Yeah the neck always takes the longest...but you have time. By the time you guys are really ready to get her finished, she will have all the coat she needs. Right now it's all about getting her out there and getting used to it all!


----------



## N2Mischief (Dec 3, 2012)

Funny about the bands, the groomer I use has been doing it for over 40 years and groomed for a professional handler for some time. The handler worked with a lot of poodles. Luckily she knows what needs to grow out and what can still safely be trimmed (not much). She just today gave me bands and said to start banding her topknot to get her used to it. Misha is quite fiesty, as I am sure most poodle pups are. I am sure she will protest the band at first. She is quite fearless and outgoing. I think we might have problems keeping her focused on her job and not licking the judge to death!


----------



## mom24doggies (Mar 28, 2011)

N2Mischief said:


> Funny about the bands, the groomer I use has been doing it for over 40 years and groomed for a professional handler for some time.
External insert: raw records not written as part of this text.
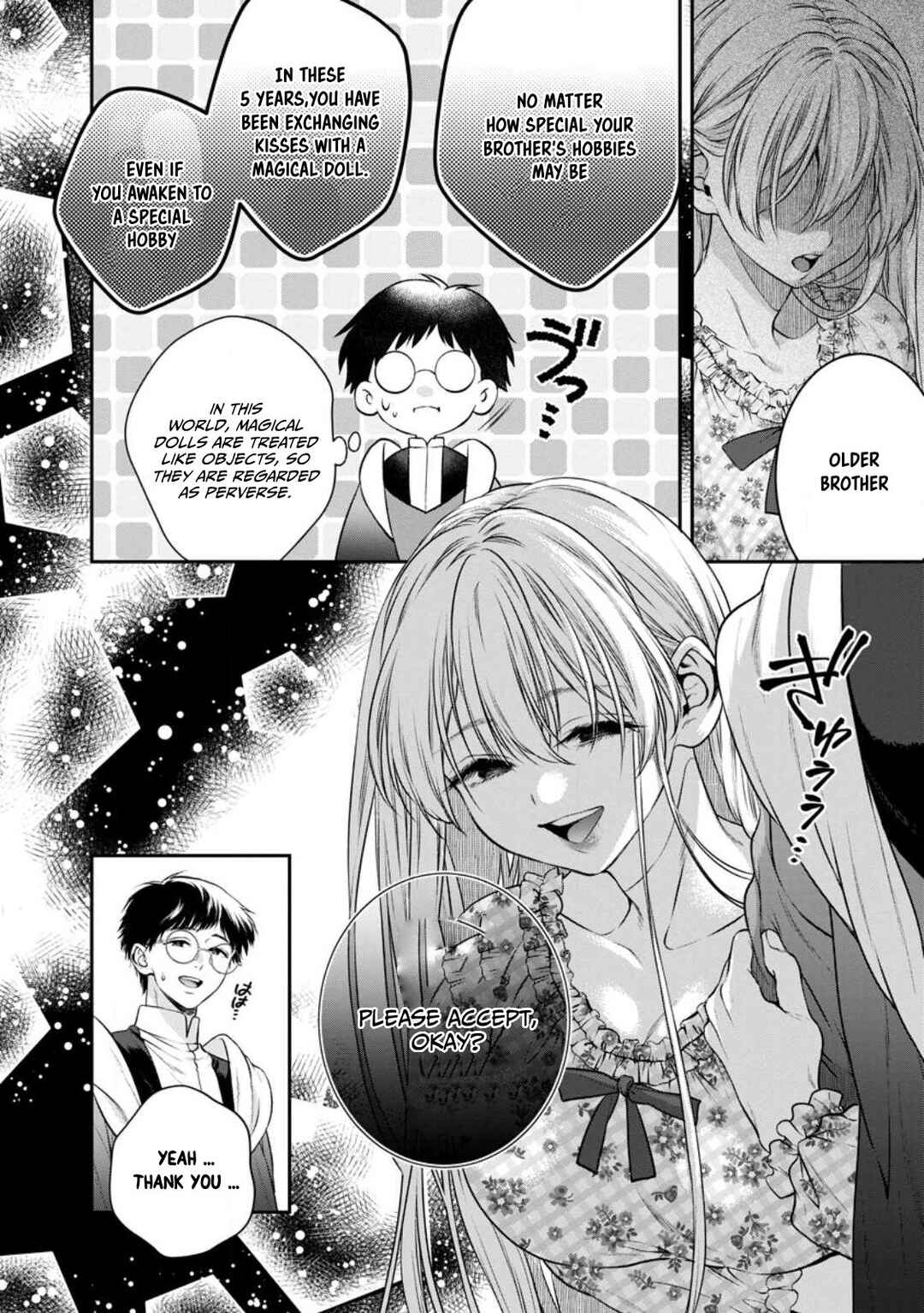 Page 17 Chapter 27 Isekai Cheat Kaitakuki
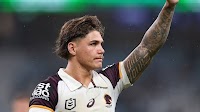 Brisbane Broncos' mad dash home revealed before Cyclone Alfred hits city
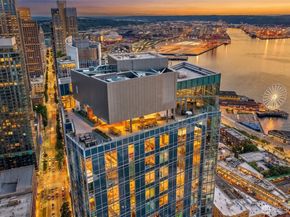 121 Stewart Street 407, Seattle WA 98101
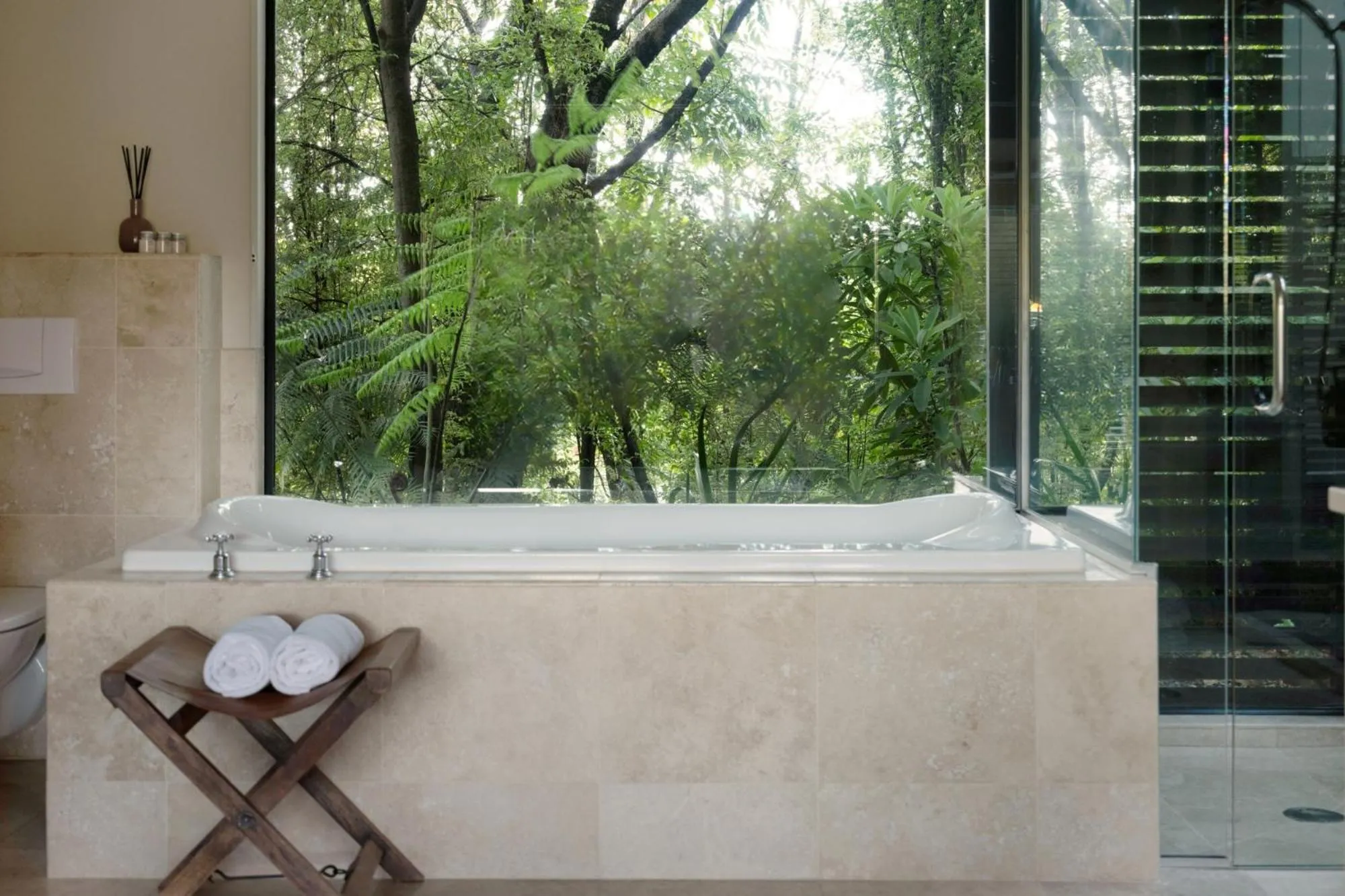 Bathroom in The Point Villas
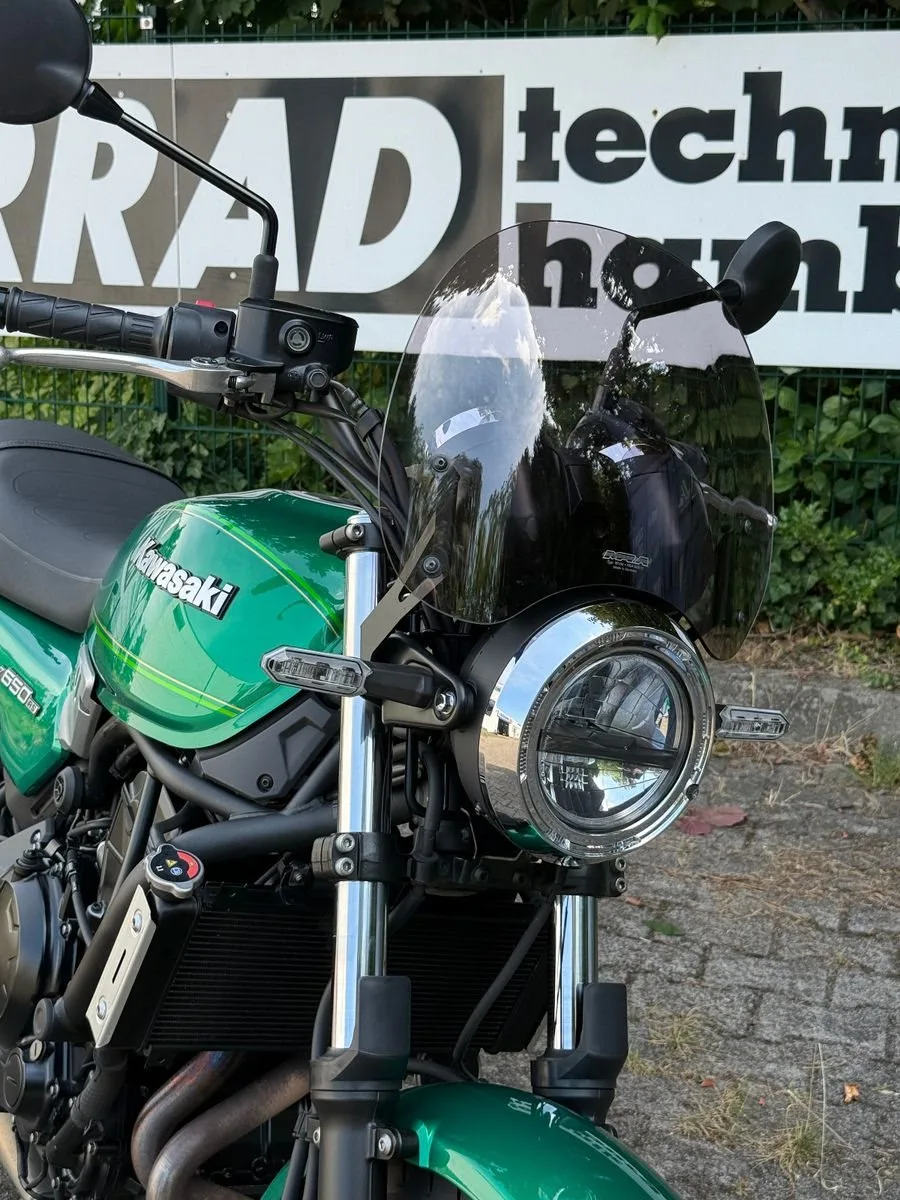 Kawasaki Z650 RS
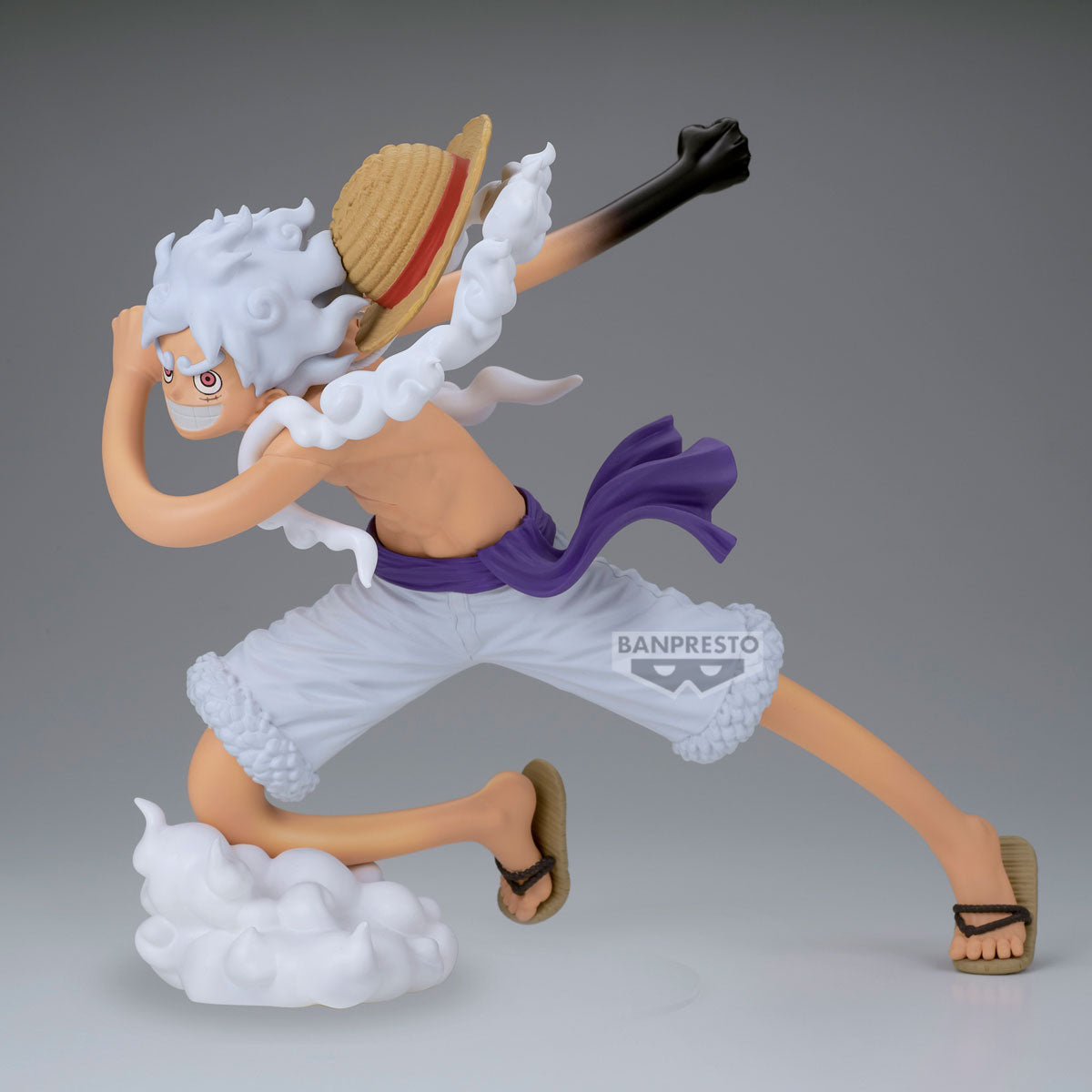PRE ORDER – ONE PIECE GRANDISTA - MONKEY D. LUFFY GEAR5 - Ⅱ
The handler worked with a lot of poodles. Luckily she knows what needs to grow out and what can still safely be trimmed (not much). She just today gave me bands and said to start banding her topknot to get her used to it. Misha is quite fiesty, as I am sure most poodle pups are. I am sure she will protest the band at first. She is quite fearless and outgoing. I think we might have problems keeping her focused on her job and not licking the judge to death!


 Lol that's funny! Yeah just put them in super loose, don't worry about actually holding hair out of her eyes or anything just yet. As she gets used to it you can gather more hair and put them in a little more snugly. 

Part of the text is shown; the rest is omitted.